1922: Traffic Manager Marie Melchior


From a 1922 issue of The American Magazine:

A Fleet of 150 Trucks With a Girl at the Helm

Miss Marie Melchior is traffic manager of a big fleet of motor trucks, certainly an unusual role for a woman. But consider the further fact that Miss Melchior is eighteen years old. Yet she directs the operation of one hundred and fifty motor trucks.

The company for which Miss Melchior works hauls most of the materials for the big construction projects in St. Paul and Minneapolis, and for many highway improvements in other parts of Minnesota. It is the biggest company of its kind west of Chicago.
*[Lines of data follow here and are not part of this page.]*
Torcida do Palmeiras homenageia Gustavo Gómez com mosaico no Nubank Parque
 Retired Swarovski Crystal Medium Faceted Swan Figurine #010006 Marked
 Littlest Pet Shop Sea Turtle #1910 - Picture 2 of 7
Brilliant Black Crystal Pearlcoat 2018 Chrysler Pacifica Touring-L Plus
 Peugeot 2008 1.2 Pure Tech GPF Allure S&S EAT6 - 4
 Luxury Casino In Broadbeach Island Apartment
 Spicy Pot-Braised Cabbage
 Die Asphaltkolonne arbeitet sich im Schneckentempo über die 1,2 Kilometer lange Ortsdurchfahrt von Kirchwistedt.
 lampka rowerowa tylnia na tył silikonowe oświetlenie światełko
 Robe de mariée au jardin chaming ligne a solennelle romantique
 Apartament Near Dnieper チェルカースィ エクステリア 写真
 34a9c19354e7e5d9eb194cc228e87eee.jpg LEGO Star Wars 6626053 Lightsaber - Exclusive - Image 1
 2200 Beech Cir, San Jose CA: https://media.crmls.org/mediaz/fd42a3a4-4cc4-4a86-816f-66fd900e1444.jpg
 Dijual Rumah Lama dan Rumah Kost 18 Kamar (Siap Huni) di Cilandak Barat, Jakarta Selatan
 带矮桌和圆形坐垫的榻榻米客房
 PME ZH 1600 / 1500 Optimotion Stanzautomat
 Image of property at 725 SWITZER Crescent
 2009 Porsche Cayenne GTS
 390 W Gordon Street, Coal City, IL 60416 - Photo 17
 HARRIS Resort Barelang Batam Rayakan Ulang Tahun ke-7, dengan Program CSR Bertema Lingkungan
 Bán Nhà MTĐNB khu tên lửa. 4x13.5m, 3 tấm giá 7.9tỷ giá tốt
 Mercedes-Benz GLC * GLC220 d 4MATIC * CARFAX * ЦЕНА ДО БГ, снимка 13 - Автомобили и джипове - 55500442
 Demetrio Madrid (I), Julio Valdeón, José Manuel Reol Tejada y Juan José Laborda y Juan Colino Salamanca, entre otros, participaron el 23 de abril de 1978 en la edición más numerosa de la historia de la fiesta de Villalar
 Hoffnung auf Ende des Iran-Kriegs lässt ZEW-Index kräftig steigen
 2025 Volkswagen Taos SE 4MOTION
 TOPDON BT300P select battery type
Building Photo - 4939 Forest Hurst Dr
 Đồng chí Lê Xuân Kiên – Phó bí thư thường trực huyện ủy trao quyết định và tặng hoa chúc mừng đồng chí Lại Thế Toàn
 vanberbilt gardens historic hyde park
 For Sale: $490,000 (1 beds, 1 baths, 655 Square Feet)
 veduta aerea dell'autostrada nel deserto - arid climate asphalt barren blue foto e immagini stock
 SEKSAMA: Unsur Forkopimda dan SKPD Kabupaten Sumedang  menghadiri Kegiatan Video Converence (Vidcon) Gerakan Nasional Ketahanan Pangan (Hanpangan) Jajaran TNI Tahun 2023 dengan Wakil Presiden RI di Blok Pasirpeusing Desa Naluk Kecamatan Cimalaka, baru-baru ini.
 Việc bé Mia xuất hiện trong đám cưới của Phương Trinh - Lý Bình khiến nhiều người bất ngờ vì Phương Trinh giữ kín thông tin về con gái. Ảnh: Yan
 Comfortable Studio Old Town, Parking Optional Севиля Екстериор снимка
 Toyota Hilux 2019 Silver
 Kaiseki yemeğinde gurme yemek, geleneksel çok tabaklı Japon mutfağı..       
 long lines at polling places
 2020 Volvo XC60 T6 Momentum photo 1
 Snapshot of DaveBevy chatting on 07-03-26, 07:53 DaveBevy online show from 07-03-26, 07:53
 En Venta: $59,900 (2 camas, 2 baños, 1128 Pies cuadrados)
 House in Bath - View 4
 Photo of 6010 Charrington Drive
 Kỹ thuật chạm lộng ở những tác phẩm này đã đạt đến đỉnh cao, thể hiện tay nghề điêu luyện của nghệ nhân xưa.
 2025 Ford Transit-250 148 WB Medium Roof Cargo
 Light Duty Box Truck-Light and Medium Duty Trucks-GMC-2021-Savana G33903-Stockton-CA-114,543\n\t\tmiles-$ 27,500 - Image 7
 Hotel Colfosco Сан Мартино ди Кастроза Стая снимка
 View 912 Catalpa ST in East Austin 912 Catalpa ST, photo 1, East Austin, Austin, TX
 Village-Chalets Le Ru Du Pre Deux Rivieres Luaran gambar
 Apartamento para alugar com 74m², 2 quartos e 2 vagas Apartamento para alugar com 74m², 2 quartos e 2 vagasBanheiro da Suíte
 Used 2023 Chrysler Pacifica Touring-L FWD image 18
Every day trucks of the company are scattered over a large section of the state.

Miss Melchior must see that each contractor gets all the material he needs for the day. If she errs a bit in judgment, construction work may be halted and men thrown out of work. Contractors may lose thousands of dollars. Upon the things she does, depends the work of perhaps two thousand laborers.

She must meet emergencies, too. An order may come in for a dozen trucks. She must assemble them. Perhaps she takes a truck or two off of one job. Maybe she has to organize a night crew. But the point is — she gets the trucks, and she gets them on time. In all her work, there never has been a time when a concrete mixer had to stop for lack of material.

Said the president of the company for which Miss Melchior works:

“If you believe it isn’t a job to keep a hundred and fifty trucks placed and working, you have another guess coming.

“Once, I recall, we had fifty-five trucks thrown out of work without notice. In an hour and a half she had them all placed at other work. She can do this because she keeps in touch with all construction work in the state.

“Often trucks come in needing repair. She decides what trucks are to go to the shop. She knows more about motors than ninety per cent of the mechanics.”

To Miss Melchior, there seems nothing unusual in her accomplishment.

“They tell me I am all work,” she said; “but I don’t believe it.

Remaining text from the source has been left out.